Among the sculptures on view will be a ten-foot, shiny black mirror lying in what appears to be a bed of snow. This work considers landscape and the picturesque by placing the viewer in a shadowy reflection.
Teresita Fernández's exhibition continues to explore the artist's interest in opacity, transparency and the psychology of looking, with specific references to the Claude glass--an 18th-century painter's tool that contained a lustrous black mirror made of glass or obsidian and was used to view tonalities in landscape subjects. This is Fernández's first gallery exhibition since being awarded the prestigious MacArthur Foundation Fellowship in 2005.
Among the sculptures on view will be a ten-foot, shiny black mirror lying in what appears to be a bed of snow. This work considers landscape and the picturesque by placing the viewer in a shadowy reflection. The black glass is not a true mirror in that the reflections are duller, devoid of color and appear to be deeply set in an ink-like field, producing a darkly gorgeous, hypnotic effect.
In a new series of wall pieces, works are comprised of thousands of small convex glass mirrors and polished black onyx cabochons. A large rectangle resembling a projection screen is composed of onyx, while other works combine glass mirrors and polished black onyx to create reflections of both light and shadow. Among these works, both dark and light reflective surfaces create portraits of extreme opposites.

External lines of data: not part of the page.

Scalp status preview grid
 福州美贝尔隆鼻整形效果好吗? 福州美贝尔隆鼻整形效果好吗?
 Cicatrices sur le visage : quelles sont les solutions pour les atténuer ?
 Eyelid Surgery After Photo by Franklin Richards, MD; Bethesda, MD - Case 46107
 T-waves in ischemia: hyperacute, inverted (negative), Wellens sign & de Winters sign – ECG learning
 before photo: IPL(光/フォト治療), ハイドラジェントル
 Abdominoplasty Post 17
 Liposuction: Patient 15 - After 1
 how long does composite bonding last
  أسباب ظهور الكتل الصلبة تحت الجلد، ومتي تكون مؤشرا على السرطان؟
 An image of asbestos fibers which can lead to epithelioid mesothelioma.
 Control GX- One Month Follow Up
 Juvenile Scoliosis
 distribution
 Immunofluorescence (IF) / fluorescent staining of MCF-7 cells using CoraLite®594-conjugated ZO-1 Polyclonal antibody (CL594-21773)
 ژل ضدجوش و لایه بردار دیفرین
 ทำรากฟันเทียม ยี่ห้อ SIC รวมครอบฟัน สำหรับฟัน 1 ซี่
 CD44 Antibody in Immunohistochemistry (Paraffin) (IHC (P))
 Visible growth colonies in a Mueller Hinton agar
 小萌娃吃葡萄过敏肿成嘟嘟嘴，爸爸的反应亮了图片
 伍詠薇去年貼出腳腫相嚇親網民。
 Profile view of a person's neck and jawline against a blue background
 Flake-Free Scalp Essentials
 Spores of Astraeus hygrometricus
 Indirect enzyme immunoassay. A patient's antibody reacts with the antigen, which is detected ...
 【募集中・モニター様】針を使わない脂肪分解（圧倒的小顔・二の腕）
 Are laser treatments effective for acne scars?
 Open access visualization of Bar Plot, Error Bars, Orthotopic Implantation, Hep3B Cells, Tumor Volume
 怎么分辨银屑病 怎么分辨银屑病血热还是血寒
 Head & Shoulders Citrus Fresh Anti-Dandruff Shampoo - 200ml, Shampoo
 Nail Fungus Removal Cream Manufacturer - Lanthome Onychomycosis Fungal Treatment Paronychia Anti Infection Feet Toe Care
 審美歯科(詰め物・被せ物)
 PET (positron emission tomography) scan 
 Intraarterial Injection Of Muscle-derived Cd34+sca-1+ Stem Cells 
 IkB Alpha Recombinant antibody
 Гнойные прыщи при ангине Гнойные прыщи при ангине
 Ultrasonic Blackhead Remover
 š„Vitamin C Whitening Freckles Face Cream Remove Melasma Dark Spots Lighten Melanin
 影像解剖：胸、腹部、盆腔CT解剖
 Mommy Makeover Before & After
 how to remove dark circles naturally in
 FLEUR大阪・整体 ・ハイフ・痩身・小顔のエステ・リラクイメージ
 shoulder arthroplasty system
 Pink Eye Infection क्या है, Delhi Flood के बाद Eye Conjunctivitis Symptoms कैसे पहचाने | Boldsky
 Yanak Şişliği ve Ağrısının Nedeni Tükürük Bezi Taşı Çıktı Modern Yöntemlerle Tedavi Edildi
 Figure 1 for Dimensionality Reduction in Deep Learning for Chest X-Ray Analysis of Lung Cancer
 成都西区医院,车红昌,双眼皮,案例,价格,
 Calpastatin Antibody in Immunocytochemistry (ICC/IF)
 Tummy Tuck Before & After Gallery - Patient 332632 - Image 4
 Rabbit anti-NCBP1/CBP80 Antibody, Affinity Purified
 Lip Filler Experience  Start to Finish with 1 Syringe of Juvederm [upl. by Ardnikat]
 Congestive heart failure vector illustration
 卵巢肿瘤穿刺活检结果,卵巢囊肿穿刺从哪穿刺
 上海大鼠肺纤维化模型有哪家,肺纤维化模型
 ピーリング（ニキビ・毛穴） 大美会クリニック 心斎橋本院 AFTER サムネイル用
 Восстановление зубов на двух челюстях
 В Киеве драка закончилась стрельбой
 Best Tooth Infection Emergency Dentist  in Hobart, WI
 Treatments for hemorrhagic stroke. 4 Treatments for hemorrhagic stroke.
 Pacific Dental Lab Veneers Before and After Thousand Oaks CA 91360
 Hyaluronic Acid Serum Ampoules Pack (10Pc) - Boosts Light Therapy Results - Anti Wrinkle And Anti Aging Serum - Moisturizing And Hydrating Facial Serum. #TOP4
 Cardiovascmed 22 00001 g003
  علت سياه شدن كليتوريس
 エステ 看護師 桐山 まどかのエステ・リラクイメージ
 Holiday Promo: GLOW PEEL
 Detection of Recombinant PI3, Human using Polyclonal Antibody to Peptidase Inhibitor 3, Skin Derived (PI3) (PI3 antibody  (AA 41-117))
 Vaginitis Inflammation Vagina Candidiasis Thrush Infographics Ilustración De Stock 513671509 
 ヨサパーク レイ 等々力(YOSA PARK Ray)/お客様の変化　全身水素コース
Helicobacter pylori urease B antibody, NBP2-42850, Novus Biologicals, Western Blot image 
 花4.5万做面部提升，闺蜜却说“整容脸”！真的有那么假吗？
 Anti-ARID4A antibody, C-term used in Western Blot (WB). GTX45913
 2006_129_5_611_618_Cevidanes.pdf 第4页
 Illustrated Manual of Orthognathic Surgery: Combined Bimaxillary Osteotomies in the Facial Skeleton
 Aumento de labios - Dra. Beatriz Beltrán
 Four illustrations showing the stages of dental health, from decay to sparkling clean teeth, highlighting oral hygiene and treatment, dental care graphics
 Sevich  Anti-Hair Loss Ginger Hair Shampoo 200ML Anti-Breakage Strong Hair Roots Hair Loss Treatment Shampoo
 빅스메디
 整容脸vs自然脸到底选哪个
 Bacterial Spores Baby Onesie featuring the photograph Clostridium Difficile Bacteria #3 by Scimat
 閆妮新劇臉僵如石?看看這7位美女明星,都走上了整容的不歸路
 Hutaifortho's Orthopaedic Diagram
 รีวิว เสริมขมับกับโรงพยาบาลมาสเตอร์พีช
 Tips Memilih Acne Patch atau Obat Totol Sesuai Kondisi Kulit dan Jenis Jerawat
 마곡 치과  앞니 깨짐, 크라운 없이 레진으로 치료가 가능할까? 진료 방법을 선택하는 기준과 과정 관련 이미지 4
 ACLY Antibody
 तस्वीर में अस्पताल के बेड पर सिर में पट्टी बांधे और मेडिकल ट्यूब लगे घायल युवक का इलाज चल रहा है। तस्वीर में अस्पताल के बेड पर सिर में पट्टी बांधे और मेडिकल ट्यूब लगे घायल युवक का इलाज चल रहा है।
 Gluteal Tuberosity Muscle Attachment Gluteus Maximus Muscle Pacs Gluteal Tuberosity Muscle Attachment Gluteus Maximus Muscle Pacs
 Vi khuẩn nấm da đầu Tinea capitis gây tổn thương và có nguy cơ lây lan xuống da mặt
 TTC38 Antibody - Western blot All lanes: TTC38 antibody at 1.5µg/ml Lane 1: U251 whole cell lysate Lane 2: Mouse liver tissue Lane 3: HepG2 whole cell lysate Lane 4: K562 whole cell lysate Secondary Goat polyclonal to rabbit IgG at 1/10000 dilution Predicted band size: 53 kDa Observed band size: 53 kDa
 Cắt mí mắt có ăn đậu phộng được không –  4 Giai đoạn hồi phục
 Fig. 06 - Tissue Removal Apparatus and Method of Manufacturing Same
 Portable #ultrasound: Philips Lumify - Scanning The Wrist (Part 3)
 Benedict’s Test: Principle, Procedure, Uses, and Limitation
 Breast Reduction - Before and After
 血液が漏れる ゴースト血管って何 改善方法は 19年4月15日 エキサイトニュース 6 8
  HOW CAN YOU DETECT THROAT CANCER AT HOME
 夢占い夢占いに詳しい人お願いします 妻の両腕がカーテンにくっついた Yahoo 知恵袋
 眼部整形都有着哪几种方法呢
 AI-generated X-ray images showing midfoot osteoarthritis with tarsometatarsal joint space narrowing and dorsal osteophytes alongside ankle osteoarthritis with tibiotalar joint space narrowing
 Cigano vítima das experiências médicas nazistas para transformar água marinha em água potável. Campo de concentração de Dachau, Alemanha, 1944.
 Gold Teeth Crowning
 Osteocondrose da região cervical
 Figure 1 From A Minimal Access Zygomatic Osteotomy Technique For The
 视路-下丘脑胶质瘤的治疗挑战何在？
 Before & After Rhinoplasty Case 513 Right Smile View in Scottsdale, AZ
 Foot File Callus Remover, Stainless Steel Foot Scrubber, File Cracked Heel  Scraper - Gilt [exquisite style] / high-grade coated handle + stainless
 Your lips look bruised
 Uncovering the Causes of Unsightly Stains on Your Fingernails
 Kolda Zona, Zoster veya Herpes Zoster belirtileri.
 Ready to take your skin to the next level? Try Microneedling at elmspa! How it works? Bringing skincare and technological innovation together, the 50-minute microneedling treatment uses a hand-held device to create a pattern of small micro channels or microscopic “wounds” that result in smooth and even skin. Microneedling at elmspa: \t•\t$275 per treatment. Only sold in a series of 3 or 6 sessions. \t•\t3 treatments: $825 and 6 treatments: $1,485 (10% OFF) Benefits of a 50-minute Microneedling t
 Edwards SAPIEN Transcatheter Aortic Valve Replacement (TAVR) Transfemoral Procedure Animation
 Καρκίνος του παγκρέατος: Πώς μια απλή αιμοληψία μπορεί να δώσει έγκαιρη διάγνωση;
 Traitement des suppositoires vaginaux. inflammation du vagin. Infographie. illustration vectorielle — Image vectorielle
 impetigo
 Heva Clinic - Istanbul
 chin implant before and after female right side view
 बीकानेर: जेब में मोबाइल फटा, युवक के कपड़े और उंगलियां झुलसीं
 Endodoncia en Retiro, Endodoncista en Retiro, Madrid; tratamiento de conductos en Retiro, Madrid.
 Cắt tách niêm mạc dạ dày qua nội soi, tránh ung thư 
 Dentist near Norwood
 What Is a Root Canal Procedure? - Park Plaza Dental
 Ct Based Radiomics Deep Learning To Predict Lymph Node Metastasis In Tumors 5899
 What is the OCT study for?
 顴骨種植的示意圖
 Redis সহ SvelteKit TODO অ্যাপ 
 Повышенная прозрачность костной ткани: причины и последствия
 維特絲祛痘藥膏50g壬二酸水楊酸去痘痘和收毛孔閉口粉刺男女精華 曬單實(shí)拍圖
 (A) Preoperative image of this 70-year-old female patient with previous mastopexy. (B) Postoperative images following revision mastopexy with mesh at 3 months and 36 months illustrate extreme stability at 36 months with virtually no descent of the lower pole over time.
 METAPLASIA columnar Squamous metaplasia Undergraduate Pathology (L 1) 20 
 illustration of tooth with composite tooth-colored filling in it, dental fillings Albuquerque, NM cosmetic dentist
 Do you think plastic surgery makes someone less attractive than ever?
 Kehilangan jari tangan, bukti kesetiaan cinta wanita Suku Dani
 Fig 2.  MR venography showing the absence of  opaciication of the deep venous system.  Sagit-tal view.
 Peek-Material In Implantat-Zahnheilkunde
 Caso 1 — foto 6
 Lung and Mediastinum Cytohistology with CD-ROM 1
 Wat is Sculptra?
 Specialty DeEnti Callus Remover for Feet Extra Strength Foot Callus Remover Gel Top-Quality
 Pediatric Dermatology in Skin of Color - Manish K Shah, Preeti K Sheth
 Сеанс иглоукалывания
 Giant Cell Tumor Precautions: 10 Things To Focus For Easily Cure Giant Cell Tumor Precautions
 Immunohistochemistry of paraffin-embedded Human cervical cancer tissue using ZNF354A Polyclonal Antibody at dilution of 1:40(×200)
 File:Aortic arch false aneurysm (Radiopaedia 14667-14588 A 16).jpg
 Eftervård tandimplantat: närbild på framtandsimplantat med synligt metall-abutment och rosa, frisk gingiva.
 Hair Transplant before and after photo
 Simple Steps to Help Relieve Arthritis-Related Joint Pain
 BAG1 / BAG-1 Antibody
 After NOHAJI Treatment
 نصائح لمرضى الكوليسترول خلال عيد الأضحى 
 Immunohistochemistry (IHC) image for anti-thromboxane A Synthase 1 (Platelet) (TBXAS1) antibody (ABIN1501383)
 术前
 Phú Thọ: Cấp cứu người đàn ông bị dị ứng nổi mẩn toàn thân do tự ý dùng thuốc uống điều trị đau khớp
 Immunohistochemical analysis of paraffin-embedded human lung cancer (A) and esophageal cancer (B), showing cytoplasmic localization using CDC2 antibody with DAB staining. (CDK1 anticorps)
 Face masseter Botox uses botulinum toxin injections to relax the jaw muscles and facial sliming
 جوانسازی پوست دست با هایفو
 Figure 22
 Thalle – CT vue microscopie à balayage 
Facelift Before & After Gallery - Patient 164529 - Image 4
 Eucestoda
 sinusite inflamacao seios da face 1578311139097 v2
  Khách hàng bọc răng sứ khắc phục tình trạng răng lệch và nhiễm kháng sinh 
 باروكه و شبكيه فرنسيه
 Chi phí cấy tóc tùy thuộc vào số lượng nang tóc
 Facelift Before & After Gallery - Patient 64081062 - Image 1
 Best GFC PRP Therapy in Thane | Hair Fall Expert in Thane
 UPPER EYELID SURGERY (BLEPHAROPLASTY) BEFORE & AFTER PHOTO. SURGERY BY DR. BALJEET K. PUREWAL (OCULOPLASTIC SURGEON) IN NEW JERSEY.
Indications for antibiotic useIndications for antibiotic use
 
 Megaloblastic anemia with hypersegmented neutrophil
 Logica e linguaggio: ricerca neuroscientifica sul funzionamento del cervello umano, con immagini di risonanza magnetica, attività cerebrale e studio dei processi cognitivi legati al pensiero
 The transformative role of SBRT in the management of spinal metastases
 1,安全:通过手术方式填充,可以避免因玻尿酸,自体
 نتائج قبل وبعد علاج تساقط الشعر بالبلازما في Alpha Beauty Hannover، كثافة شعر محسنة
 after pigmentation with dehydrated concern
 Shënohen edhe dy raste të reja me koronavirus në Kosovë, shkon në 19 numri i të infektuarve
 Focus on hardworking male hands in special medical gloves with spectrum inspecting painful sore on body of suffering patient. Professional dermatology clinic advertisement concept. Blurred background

Referencing Baroque-era ceiling painting and illusionistic space, one large artwork, made in conjunction with the Graphicstudio in Tampa, Florida, hangs suspended above the viewer's head. The image created takes on an organic form not unlike an immense, cascading tree branch that is comprised of layers of precision-cut, highly polished metal. These components are woven into a reflective and intricate lattice, up through which the viewer may look.
Image from Lehmann Maupin.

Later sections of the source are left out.